* **What you are asked to do**
Could the data below be copied exactly, minus the pictures?

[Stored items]
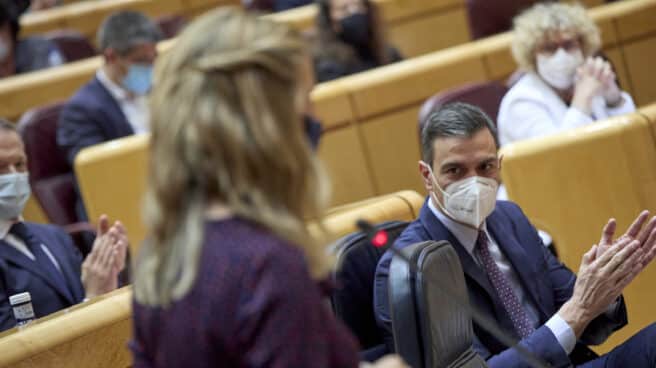 Yolanda Díaz pasa por delante de Pedro Sánchez en una sesión de control al Gobierno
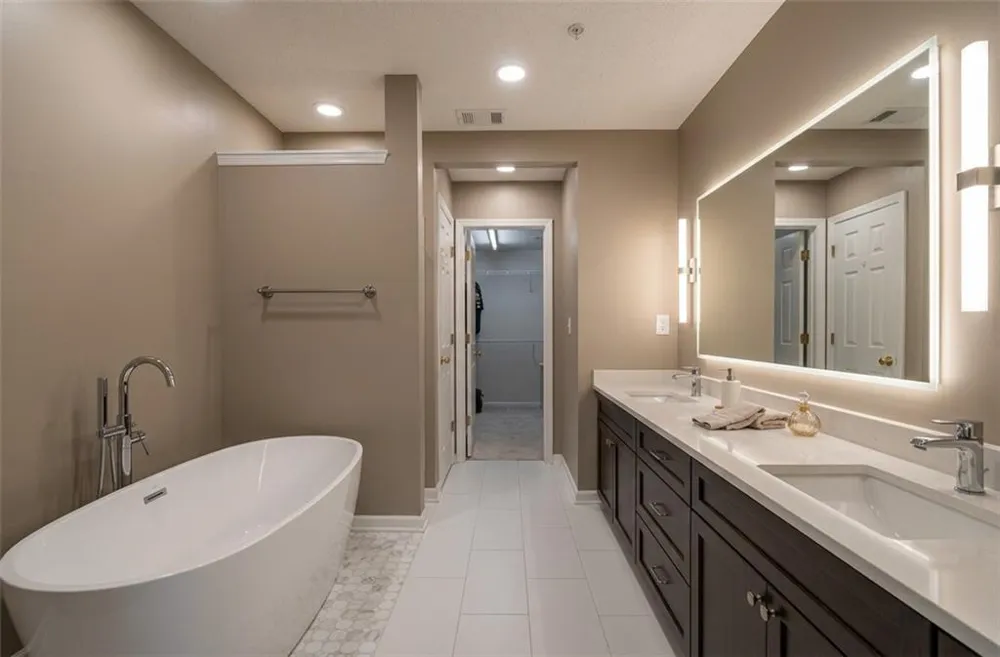129 Regent Place Woodstock, GA 30188
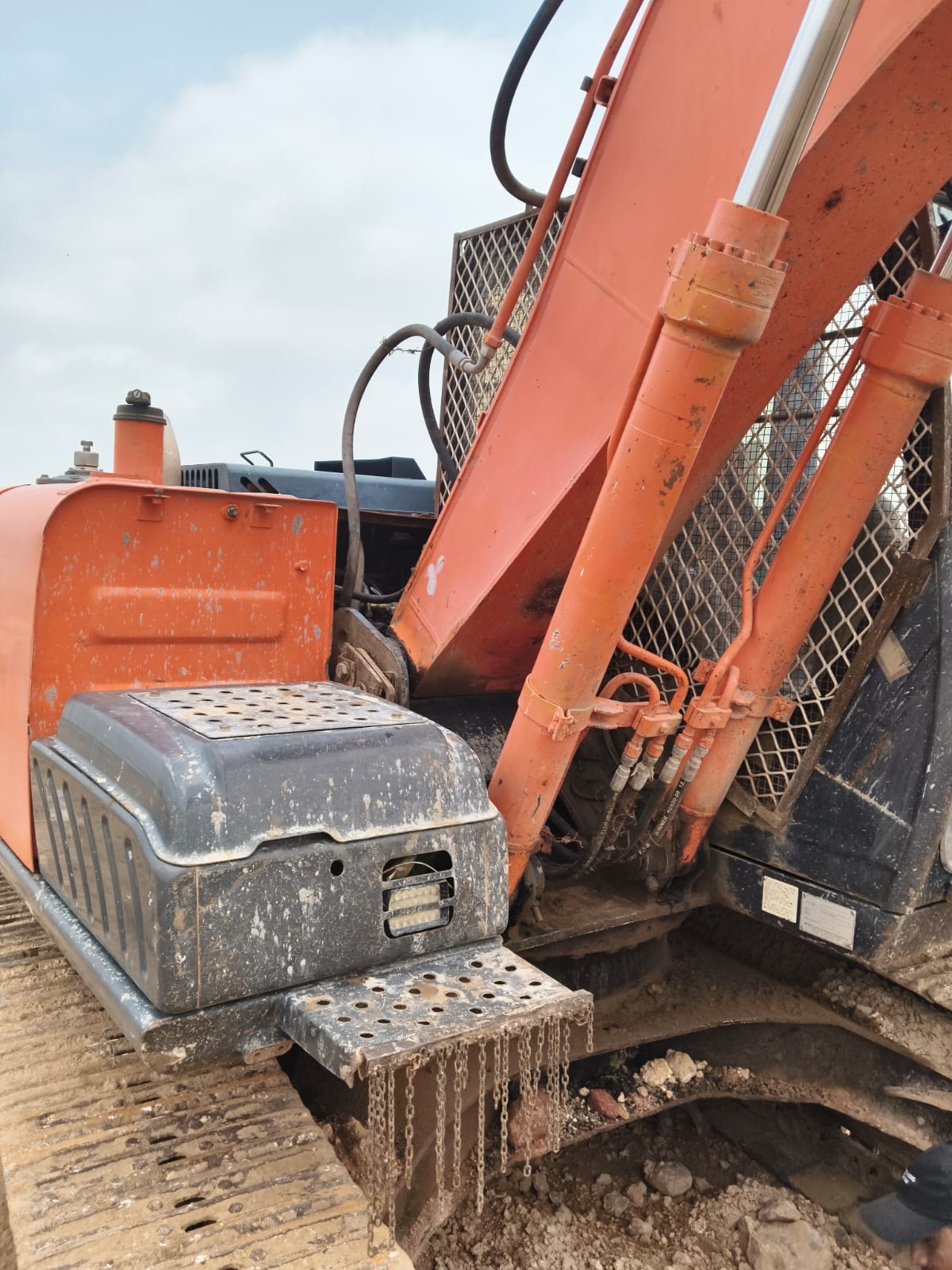 TATA HITACHI EXCAVATOR ZAXIS 140 2018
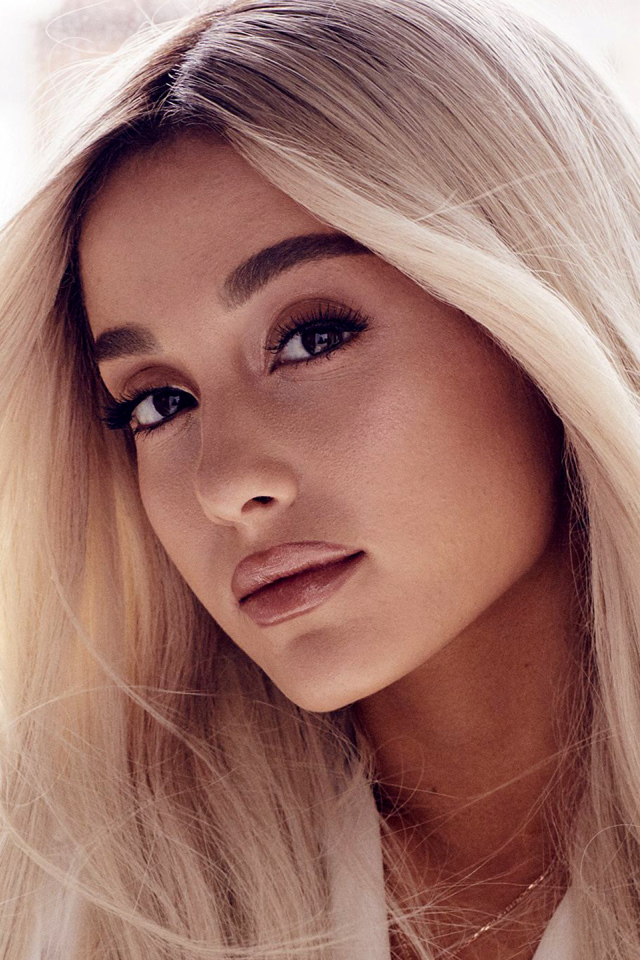 Красивая девушка блондинка, певица и актриса Ариана Гранде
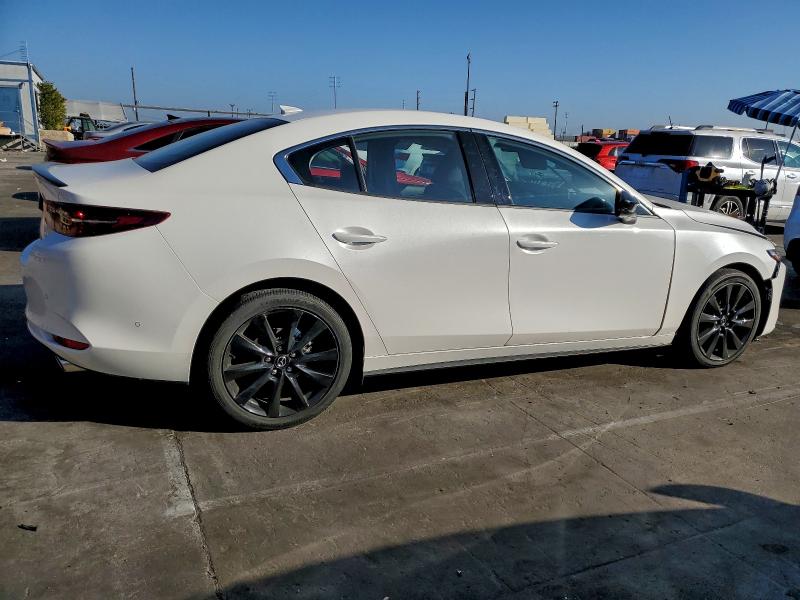 Photo 3 from auction – 2021 MAZDA 3 PREMIUM with VIN JM1BPBEYXM1318447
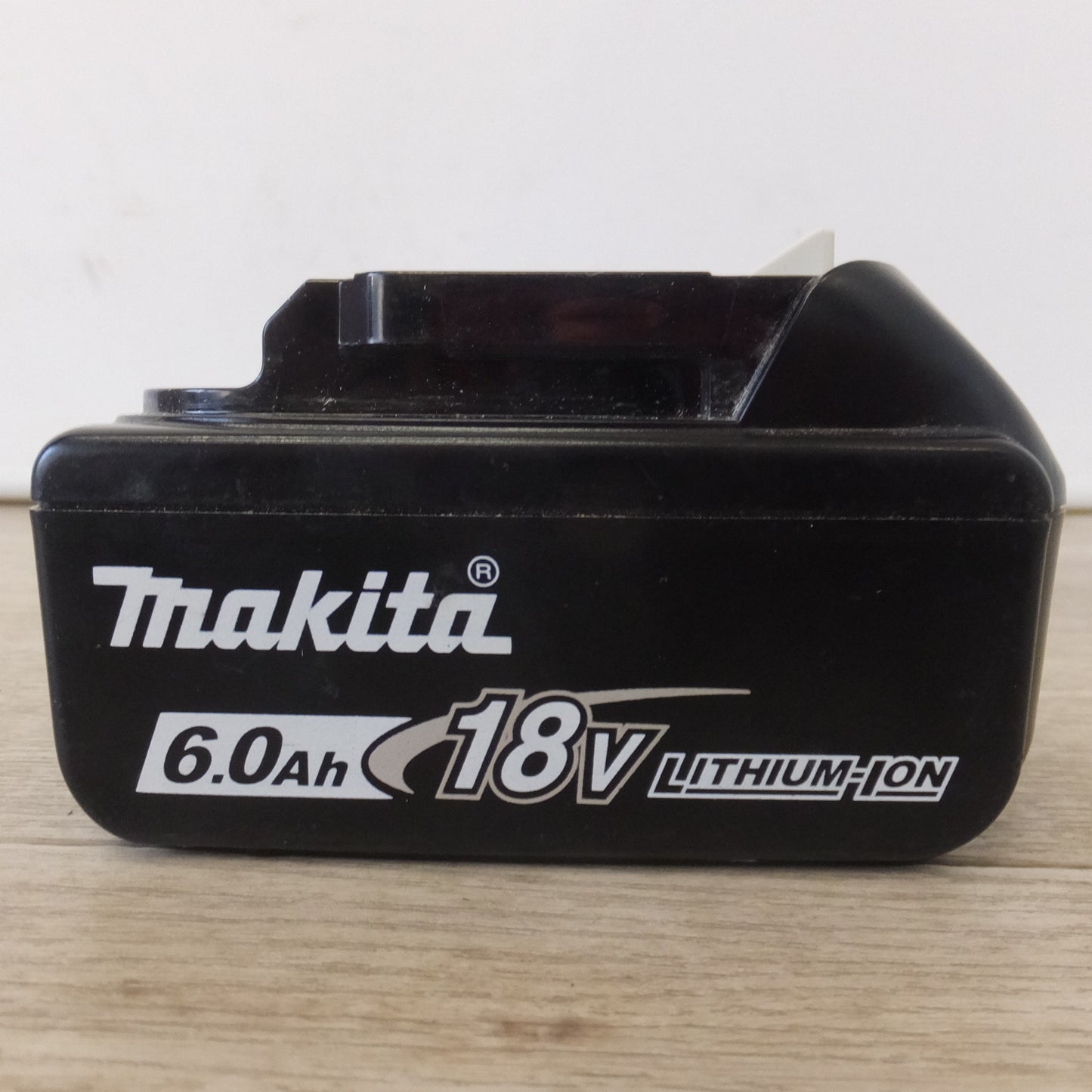 [送料無料] ★マキタ makita バッテリ BL1860B　DC18V 6.0Ah 108Wh Li-ion20　雪マーク★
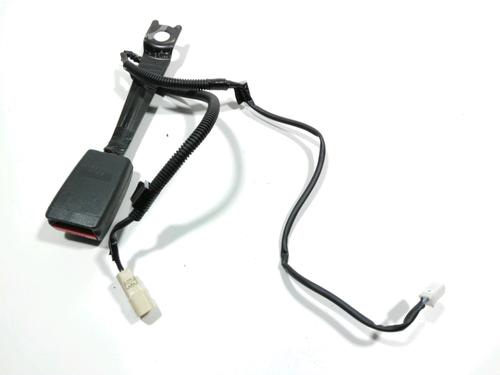 Used Seat buckle TOYOTA YARIS (_P9_) 1.3 VVT-i (SCP90_, SCP90R) (87 hp) 29857539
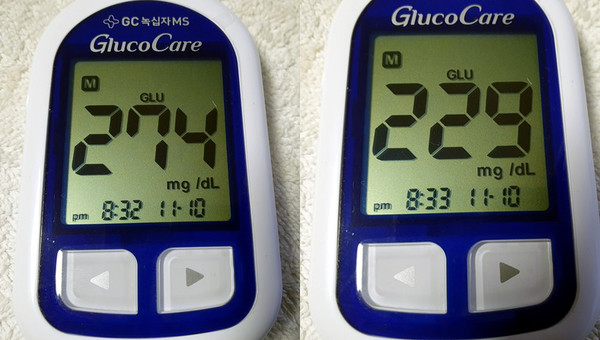 이 씨는 GC녹십자MS의 '글루코케어 혈당측정기'로 동일한 시각 같은 부위를 찔러 측정한 결과 단 1분 차이로 274mg/dL와 229mg/dL가 나왔다며 어이없어 했다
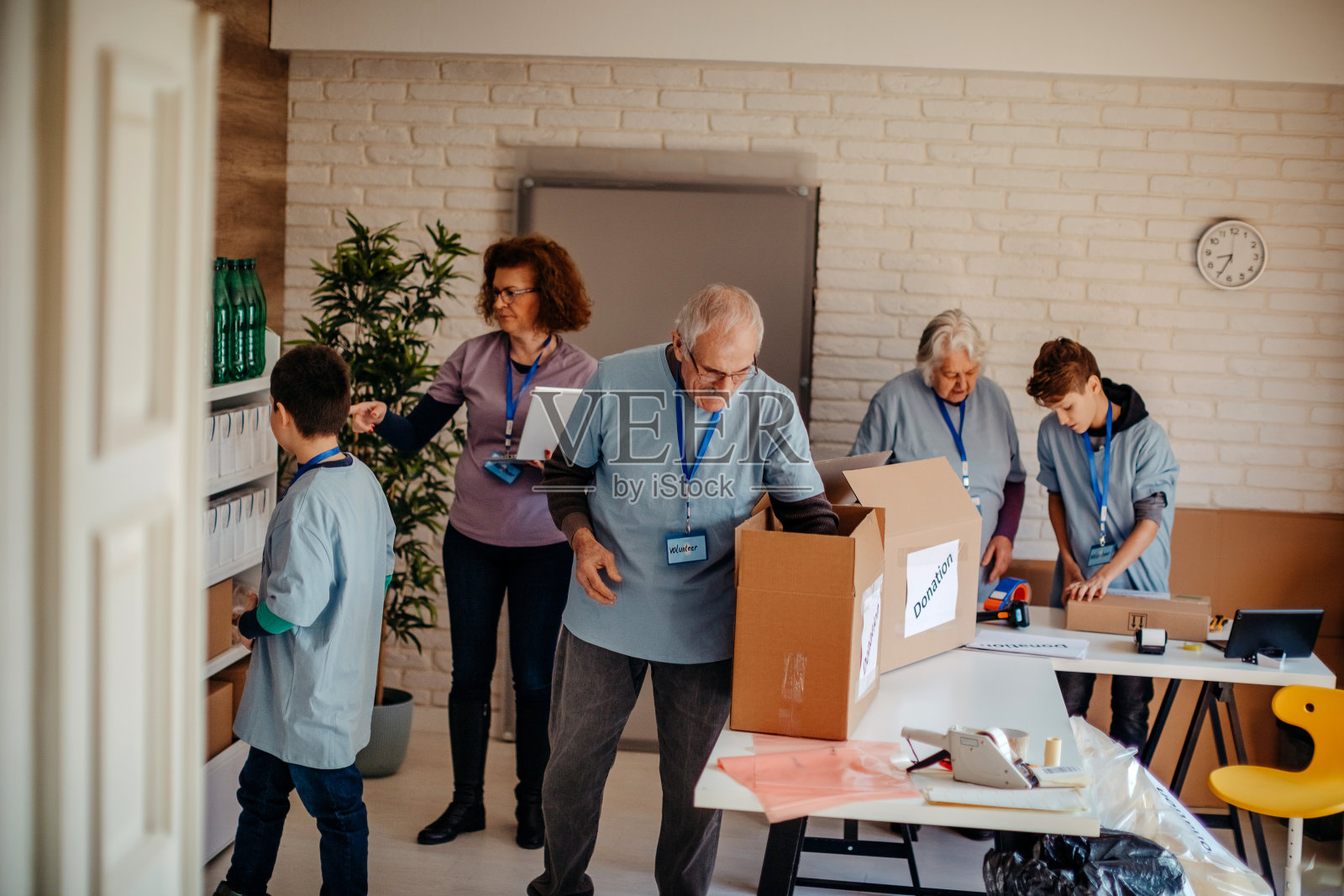 准备捐赠的食物和衣服照片摄影图片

* **Written answer**
 Yolanda Díaz pasa por delante de Pedro Sánchez en una sesión de control al Gobierno
129 Regent Place Woodstock, GA 30188
 TATA HITACHI EXCAVATOR ZAXIS 140 2018
 Красивая девушка блондинка, певица и актриса Ариана Гранде
 Photo 3 from auction – 2021 MAZDA 3 PREMIUM with VIN JM1BPBEYXM1318447
 [送料無料] ★マキタ makita バッテリ BL1860B　DC18V 6.0Ah 108Wh Li-ion20　雪マーク★
 Used Seat buckle TOYOTA YARIS (_P9_) 1.3 VVT-i (SCP90_, SCP90R) (87 hp) 29857539
 이 씨는 GC녹십자MS의 '글루코케어 혈당측정기'로 동일한 시각 같은 부위를 찔러 측정한 결과 단 1분 차이로 274mg/dL와 229mg/dL가 나왔다며 어이없어 했다
 准备捐赠的食物和衣服照片摄影图片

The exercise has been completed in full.